Forest Park’s Zoning Board of Appeals (ZBA) approved parking variations which, if also approved by the village council, will allow two condominium conversions to proceed.

The first request came from developer Robert Marani, who is seeking to convert 18 apartments to nine condo units at 7320 Madison St. The lower level of the property at the southeast corner of Circle Avenue and Madison is home to Team Blonde Jewelry, La Piazza Café, and Briolette Beads.

“Before we get started, thanks for bringing it down from 18 units to nine,” said ZBA chairman Michael Curry at the outset of the hearing, hinting at the later unanimous vote in favor of the project.

Marani was granted permission to proceed with the conversions despite the absence of parking spaces for the residents. Typically, developers are required to provide two spaces per unit.

The property is adjacent to a village-operated metered parking lot with 45 spaces. Marani noted that previously, the tenants of the building’s 18 apartments had parked in that lot. He said he intended to purchase parking passes for the condominium residents as well.

Responding to a question from resident Jerry Webster, Marani noted that he is exploring the possibility of purchasing additional nearby land for use as a parking lot.

“I’m in negotiation for parcels on Circle Avenue but I have not yet solidified any contracts,” he said.

The condos will all have two bedrooms and 2.5 bathrooms, and prices will range from $295,000 to $330,000, according to Marani.

The second variation recommended by the ZBA would allow Elgin Street Properties, LLC to convert 18 apartments at 32-38 Elgin Avenue into condominiums.

The property has 18 parking spaces, meaning that one space, rather than the required two spaces, are provided for each unit.

Attorney Eric Miller, representing the developer, noted that the property had been granted a variation in 1965 which allowed a residential use in a district zoned for business. He argued that when this variation was granted, the property’s parking situation was approved in the process, though the issue wasn’t raised at the time.

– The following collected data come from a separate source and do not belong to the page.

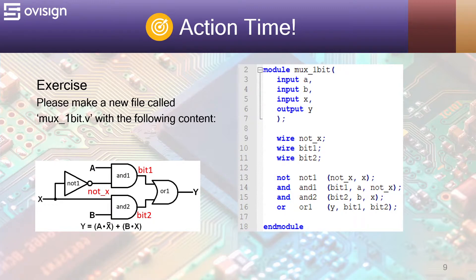Please make a new file called mux1bit.v with the following content. Feel free to pause the video.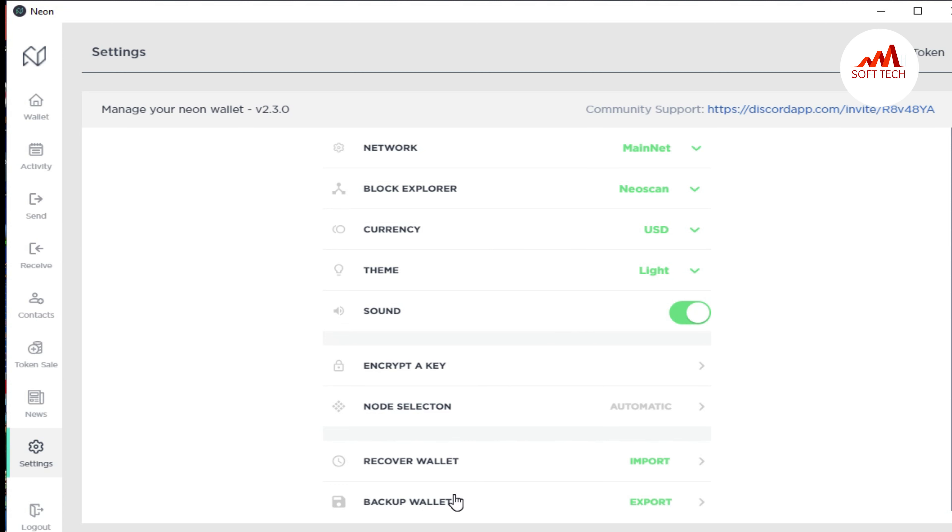We used backup wallet in the last video, and in this video I'm going to recover or restore our wallet. So just click on import.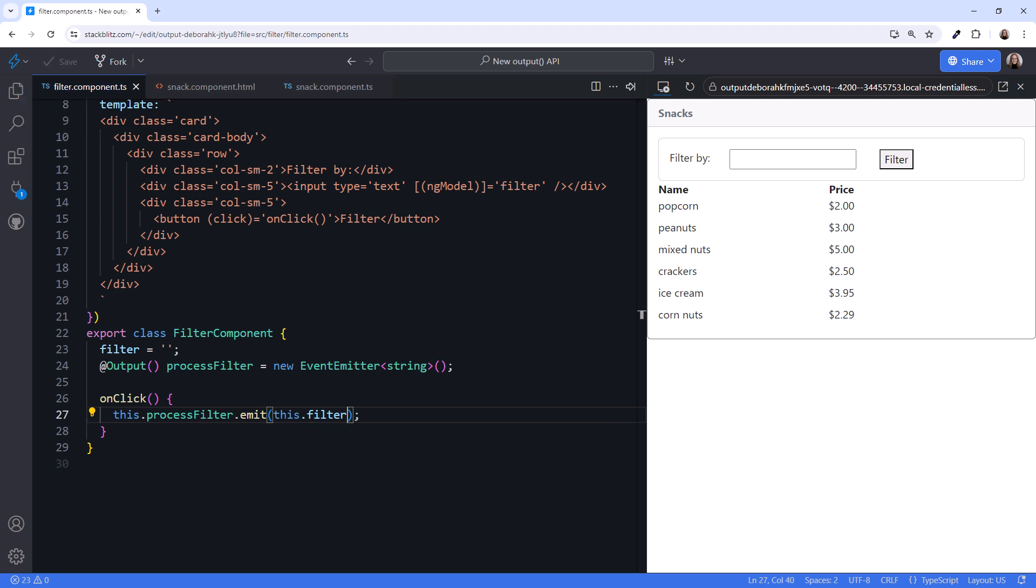Now our child component emits this processFilter event every time the user clicks the filter button. Remember the name of this event. We'll use it in a moment.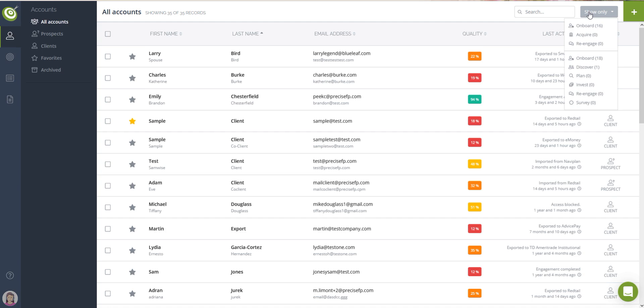The show only menu to the right of the search will let you select a pipeline stage and load only the clients or prospects that are currently in that stage. For better organization, you can also favorite or archive accounts.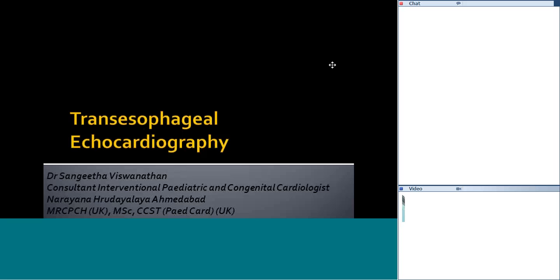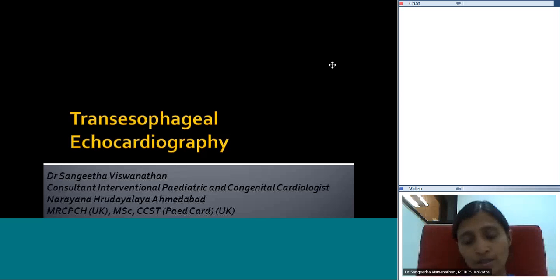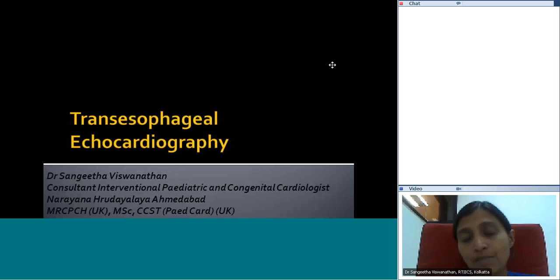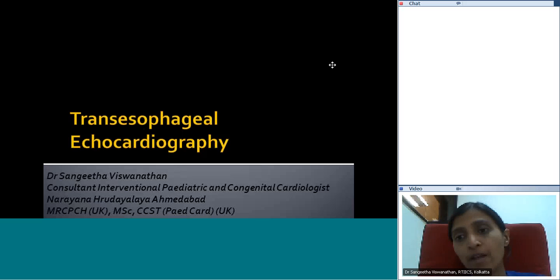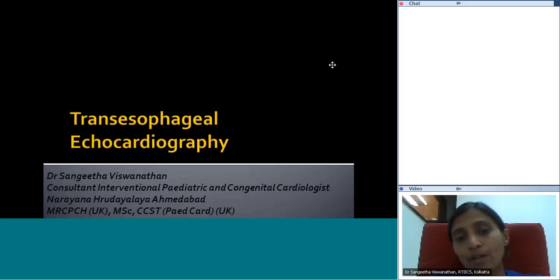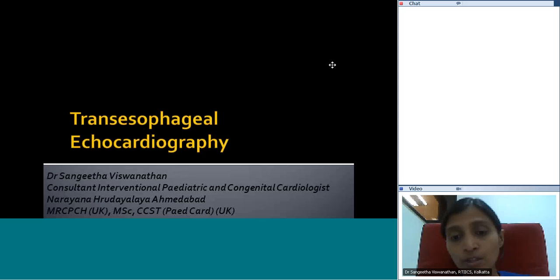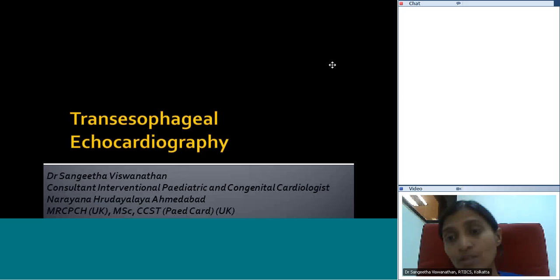Good evening everybody, it's nice to see you again. Today we'll try and go through some of the basic practical aspects of transesophageal echocardiography. I will aim to mainly look at the various views that we use in TEE to look at the various cardiac structures, focusing on normality rather than pathology. This is targeting people who are just starting TEE to make them familiar with the process and the basic views to view the heart.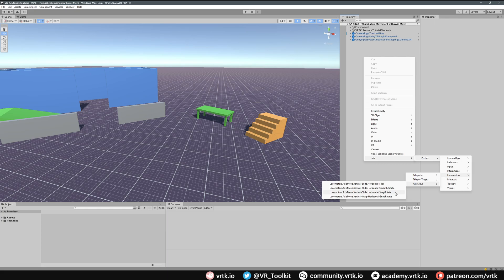Finally we have Vertical Warp and Horizontal Snap Rotate. When we press forward or backwards, instead of smoothly sliding we'll warp forward or backward a certain number of steps with a fade in between. The snap rotate works the same way — pressing left or right rotates a set number of degrees with a fade.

The property, he noted, had changed hands several times without the parking issue being raised by the village before Elgin Street Properties purchased it last December. Curry reminded Miller that until now, the building housed rental properties, and the change to condos was the reason that this time was different.

“If they were still renting it, they wouldn’t be here right now,” he said.

Miller told the board that the village had already granted the developers a certificate of compliance for the conversion in May. One of the units has since been sold, and 13 more are already under contract.

“They’re way past conversion, they’re practically sold out ” at what point did the village or developer drop the ball,” asked board member Jolyn Crawford.

Building Department Director Michael Boyle acknowledged that the error might have been on the part of the village. “It’s possible that someone from my staff signed [the certificate] based on what they believed to be the case,” he said.

Developer Michael Cronin said that the units would all continue to be one bedroom and one bathroom, with the only work needed being interior renovations. The majority of the units would be occupied by single people, he said, though some couples have signed on.

Jim Lenox, also representing Elgin Street Properties, noted that some of the units would be occupied by elderly people who do not drive and have asked to have their spaces leased out.

“This is a cart before the horse situation and it puts the zoning board in an awkward position…its almost necessary for us to put this through because it was approved by the village,” said board member Al Bucholtz.

In the end, all board members voted in favor of the variance except Richard Scafidi, who abstained.

The ZBA’s recommendations will be sent to the village council for a final vote during an upcoming meeting.